__Your assignment__.
In this exercise, return the whole listing exactly, excluding any images.

__Records shown__.
========

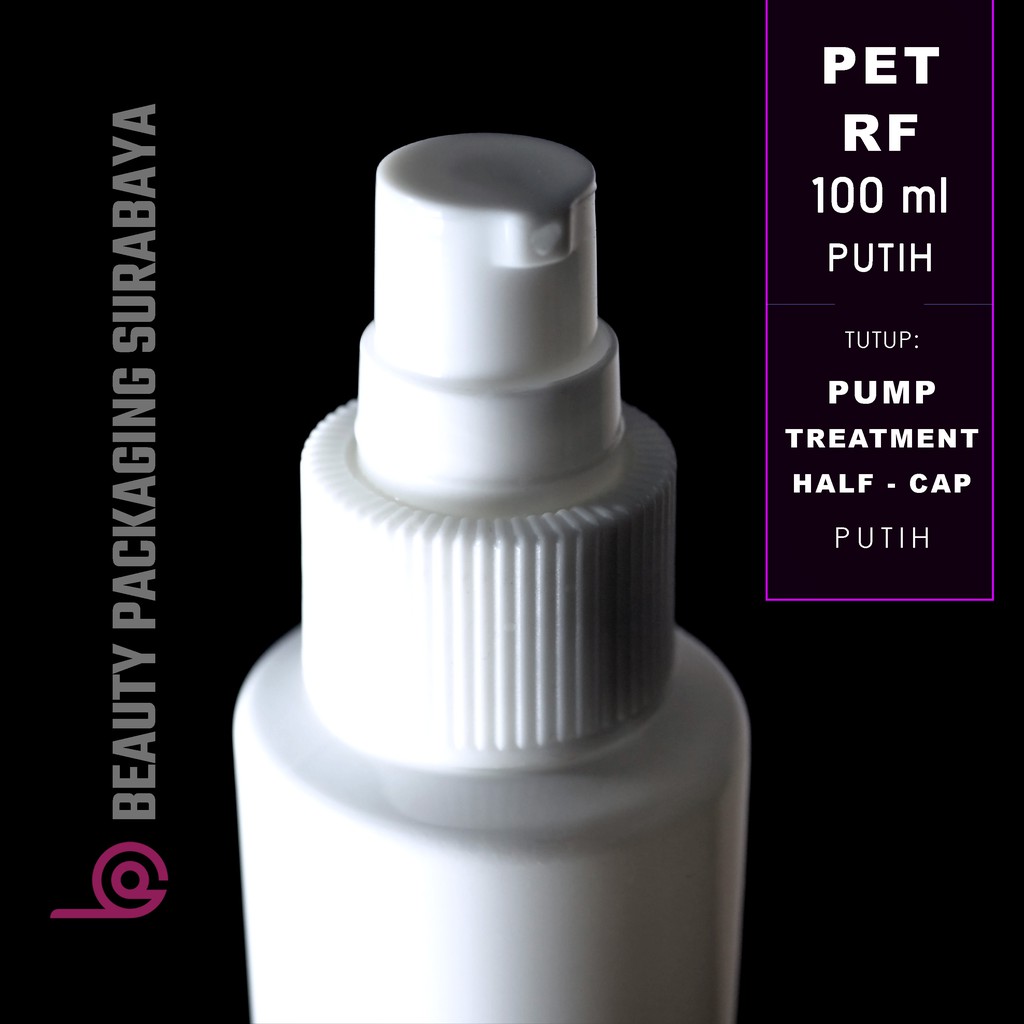 Botol Plastik PET 100ml RF Putih Tutup Pump Treatment HC Putih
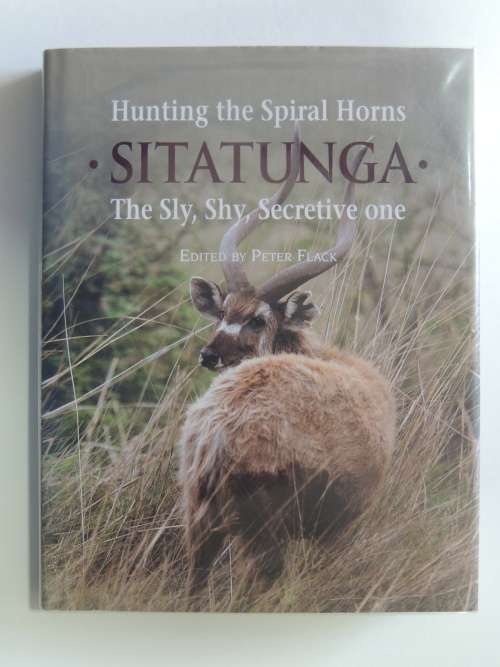 Hunting the Spiral Horns Sitatunga The Sly, Shy, Secretive one - Ed. Peter Flack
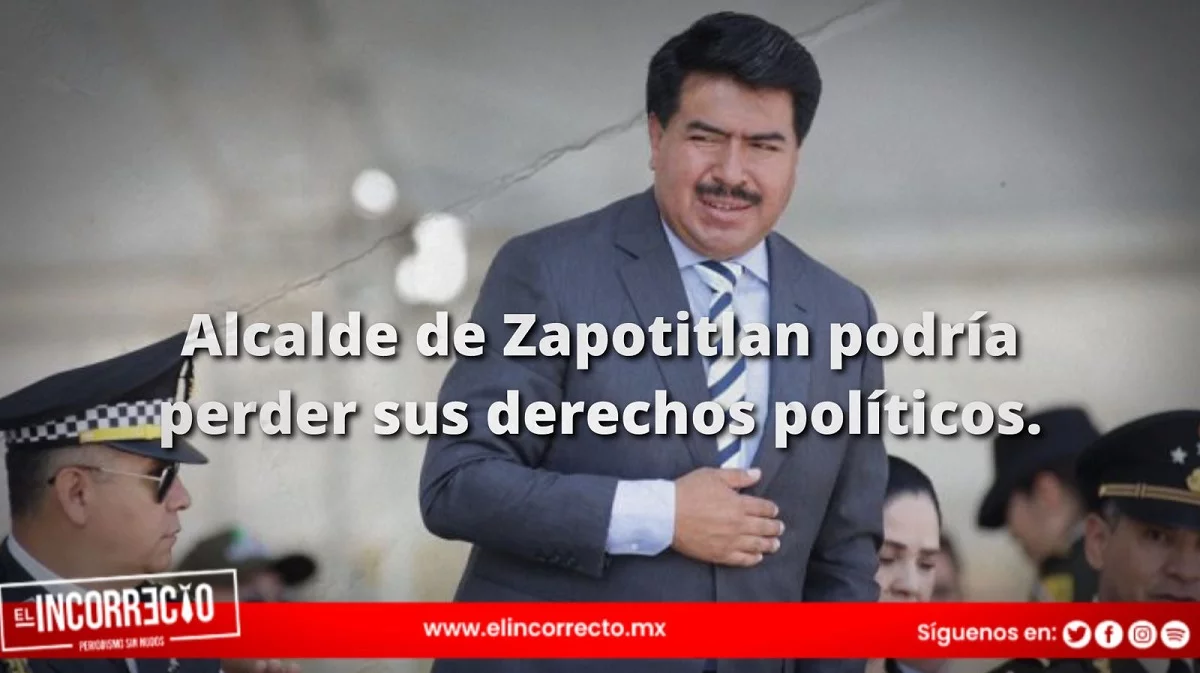 «Si el alcalde de Zapotitlán está prófugo, perderá sus derechos políticos»: SEGOB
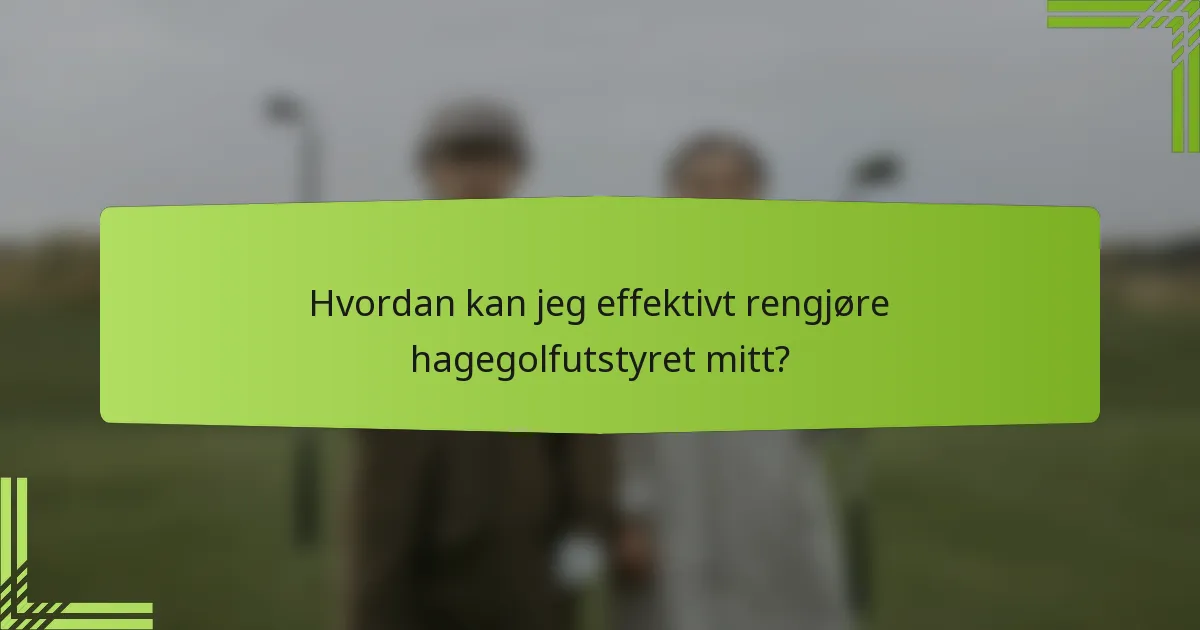 Hvordan kan jeg effektivt rengjøre hagegolfutstyret mitt?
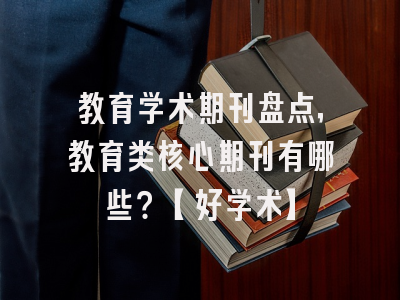 教育学术期刊盘点，教育类核心期刊有哪些？【好学术】
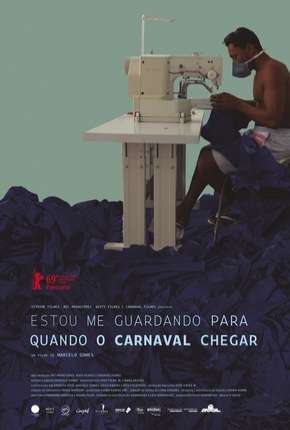 Estou Me Guardando Para Quando O Carnaval Chegar Nacional Download - Rede Torrent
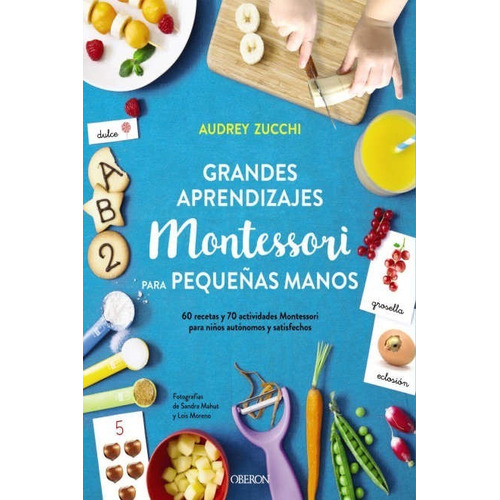 Libro: Grandes Aprendizajes Montessori Para Pequeñas Manos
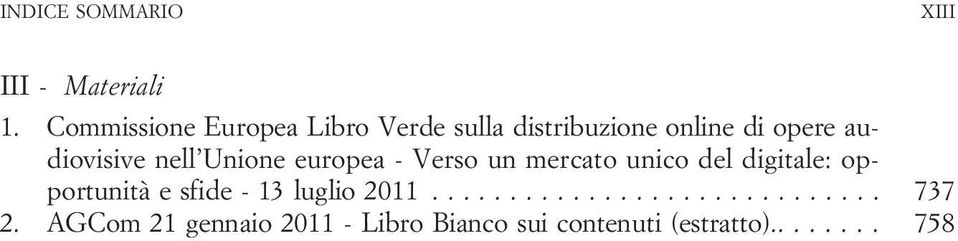 opere audiovisive nell Unione europea - Verso un mercato unico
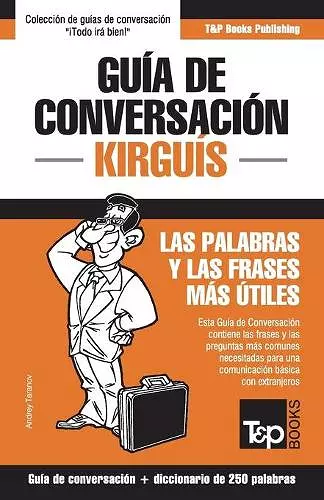 Guía de conversación Español-Kirguís y mini diccionario de 250 palabras cover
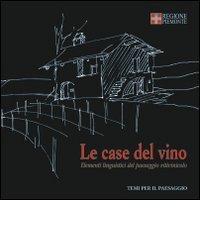 Le case del vino. Elementi linguistici del paesaggio vitivinicolo di Gianni Arnaudo edito da L'Artistica Editrice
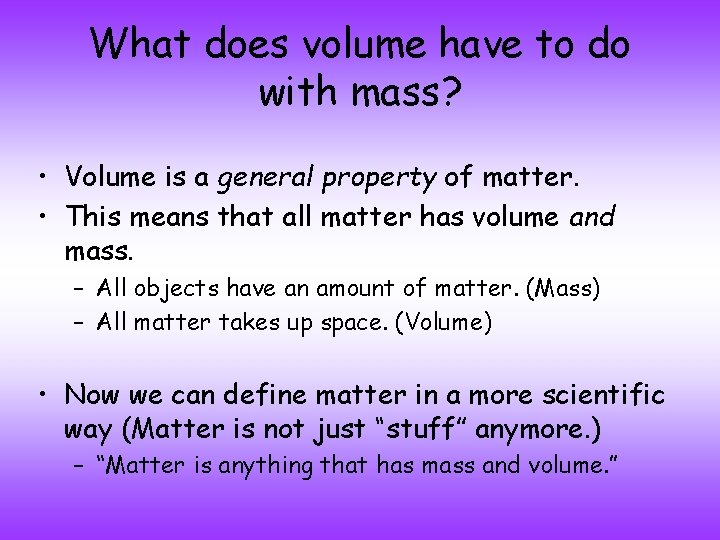 What does volume have to do with mass? • Volume is a general property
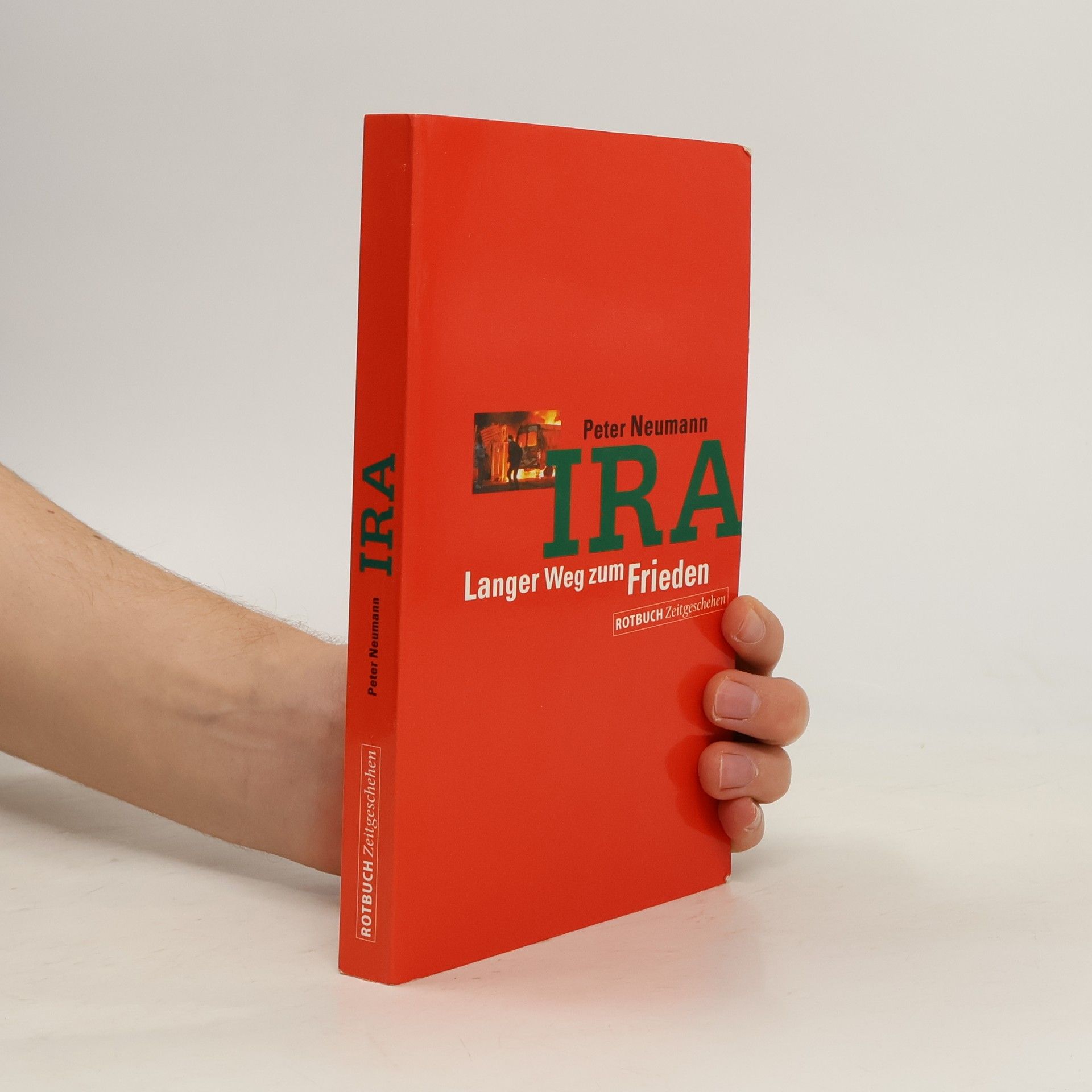 Peter R. Neumann IRA: langer Weg zum Frieden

========

__The completed task__.
 Botol Plastik PET 100ml RF Putih Tutup Pump Treatment HC Putih
 Hunting the Spiral Horns Sitatunga The Sly, Shy, Secretive one - Ed. Peter Flack
 «Si el alcalde de Zapotitlán está prófugo, perderá sus derechos políticos»: SEGOB
 Hvordan kan jeg effektivt rengjøre hagegolfutstyret mitt?
 教育学术期刊盘点，教育类核心期刊有哪些？【好学术】
 Estou Me Guardando Para Quando O Carnaval Chegar Nacional Download - Rede Torrent
 Libro: Grandes Aprendizajes Montessori Para Pequeñas Manos
 opere audiovisive nell Unione europea - Verso un mercato unico
 Guía de conversación Español-Kirguís y mini diccionario de 250 palabras cover
 Le case del vino. Elementi linguistici del paesaggio vitivinicolo di Gianni Arnaudo edito da L'Artistica Editrice
 What does volume have to do with mass? • Volume is a general property
 Peter R. Neumann IRA: langer Weg zum Frieden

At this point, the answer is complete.